The Outs is a web series which premiered on Vimeo in 2012. Filmed and set in Brooklyn, New York, the show tells the story of Mitchell (played by Adam Goldman), his best friend Oona (Sasha Winters), and his ex-boyfriend Jack (Hunter Canning). It debuted in March 2012 with a run of six episodes, with a "Chanukah Special" in April 2013. A second season of six episodes began in March 2016, followed by a special December 2016 episode.

Plot
Following their breakup, Mitchell and Jack navigate gay life in New York.

Cast
 Adam Goldman as Mitchell Webb
 Sasha Winters as Oona Halpern, Mitchell's best friend
 Hunter Canning as Jack Widdows, Mitchell's ex-boyfriend
 Tommy Heleringer as Paul "Scruffy", Jack's newest love interest
 Phillip Taratula as Ty, Mitchell's sassy friend and former coworker
 Alan Cumming as Himself
 Owen Scott as Frank, Jack's straight stoner friend
 Shawn Frank as Russell, a guy Oona dates (season 1)
 Sean Patrick McGowan as Drew, Oona's ex-boyfriend who slept with Jack (season 1)
 Jon Golbe as Cute Delivery Guy (season 1)
 William DeMeritt as Kevin, Oona's publisher and lover (season 2)
 Mark Junek as Rob, Mitchell's chef boyfriend (season 2)
 Becky Yamamoto as Leila, Mitchell's coworker (season 2)
 Joel Perez as Eli, a guy with whom Jack has regular casual sex (season 2)
 Cecil Baldwin as Braden, Mitchell's roommate (season 2)
 Patricia Buckley as Leah, Oona's editor (season 2)
 Bowen Yang as Jason, Leah's assistant (season 2)
 Michael Cyril Creighton as Gordy, Mitchell's gay coworker/nemesis (season 2)
 Dan Savage as Himself (season 2)

Episodes

Season 1

Season 2

Production and release
The first season of The Outs was crowdfunded through two Kickstarter campaigns. Started after the first episode was complete, the first campaign had a goal of $1000 and received $1685. The second campaign, started after the first three episodes were released, had a goal of $8000 and achieved $22,339 with 503 backers. With the goal exceeded, producers produced a promised special seventh episode, later called the "Chanukah Special".

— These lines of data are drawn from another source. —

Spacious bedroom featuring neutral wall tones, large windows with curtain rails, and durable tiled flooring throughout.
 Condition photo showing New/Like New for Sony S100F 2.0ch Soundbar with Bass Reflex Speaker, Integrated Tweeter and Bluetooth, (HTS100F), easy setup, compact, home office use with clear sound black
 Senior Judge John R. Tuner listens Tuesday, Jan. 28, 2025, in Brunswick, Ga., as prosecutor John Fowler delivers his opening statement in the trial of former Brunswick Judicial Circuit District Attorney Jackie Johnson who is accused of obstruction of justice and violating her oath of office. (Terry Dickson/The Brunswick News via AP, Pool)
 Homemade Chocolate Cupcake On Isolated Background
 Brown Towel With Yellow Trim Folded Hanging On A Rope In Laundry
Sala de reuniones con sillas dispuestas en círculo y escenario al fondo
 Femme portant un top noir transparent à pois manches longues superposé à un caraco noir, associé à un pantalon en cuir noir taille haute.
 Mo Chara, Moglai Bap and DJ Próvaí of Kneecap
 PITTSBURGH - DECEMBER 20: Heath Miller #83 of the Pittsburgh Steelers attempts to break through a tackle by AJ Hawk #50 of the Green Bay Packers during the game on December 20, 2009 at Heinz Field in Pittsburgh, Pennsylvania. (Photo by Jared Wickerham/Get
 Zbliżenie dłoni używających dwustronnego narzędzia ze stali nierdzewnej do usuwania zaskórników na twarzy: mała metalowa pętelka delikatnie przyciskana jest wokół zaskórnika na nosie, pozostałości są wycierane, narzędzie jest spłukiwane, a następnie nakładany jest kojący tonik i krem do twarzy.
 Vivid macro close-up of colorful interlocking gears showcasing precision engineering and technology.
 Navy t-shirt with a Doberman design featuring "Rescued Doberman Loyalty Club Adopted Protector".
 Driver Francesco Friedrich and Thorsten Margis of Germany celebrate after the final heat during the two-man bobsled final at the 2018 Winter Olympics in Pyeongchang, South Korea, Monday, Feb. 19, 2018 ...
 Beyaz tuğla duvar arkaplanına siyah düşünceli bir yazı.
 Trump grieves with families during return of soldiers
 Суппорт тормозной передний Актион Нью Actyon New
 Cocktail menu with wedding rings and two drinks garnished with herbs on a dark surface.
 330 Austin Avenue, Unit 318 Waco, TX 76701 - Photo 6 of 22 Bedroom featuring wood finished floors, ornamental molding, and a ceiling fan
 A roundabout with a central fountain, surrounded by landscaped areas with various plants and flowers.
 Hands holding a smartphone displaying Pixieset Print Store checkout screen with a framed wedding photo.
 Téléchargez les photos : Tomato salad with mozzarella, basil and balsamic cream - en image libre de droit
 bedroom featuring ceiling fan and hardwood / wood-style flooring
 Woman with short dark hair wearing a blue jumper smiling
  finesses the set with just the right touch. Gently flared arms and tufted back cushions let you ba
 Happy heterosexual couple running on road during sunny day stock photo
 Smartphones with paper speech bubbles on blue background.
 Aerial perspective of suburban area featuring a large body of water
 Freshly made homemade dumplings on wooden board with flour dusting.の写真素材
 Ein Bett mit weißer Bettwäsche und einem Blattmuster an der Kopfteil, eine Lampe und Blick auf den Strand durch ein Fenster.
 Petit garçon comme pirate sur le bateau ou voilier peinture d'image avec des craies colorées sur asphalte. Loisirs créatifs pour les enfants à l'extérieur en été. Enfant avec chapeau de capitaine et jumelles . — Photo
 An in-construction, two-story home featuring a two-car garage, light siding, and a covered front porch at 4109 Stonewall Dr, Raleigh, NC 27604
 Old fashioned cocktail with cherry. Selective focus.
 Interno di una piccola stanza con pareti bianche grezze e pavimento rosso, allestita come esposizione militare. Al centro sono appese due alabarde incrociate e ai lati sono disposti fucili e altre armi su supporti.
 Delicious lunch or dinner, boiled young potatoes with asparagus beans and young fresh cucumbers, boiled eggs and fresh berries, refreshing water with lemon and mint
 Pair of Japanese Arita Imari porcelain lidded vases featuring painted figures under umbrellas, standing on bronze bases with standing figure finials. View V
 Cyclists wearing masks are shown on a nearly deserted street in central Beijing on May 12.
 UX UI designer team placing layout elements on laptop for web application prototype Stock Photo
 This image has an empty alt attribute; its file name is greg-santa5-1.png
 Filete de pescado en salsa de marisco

Set in Brooklyn, New York, the series was filmed predominantly in the Prospect Heights and Crown Heights areas of Brooklyn.

The first season of six episodes premiered via Vimeo on March 27, 2012. The Chanukah Special was released on April 1, 2013.

A second season of six episodes, funded by Vimeo, premiered on Vimeo On Demand on March 30, 2016. A special seventh episode titled "Cookie-wise" was released on December 24, 2016, available for streaming at no charge.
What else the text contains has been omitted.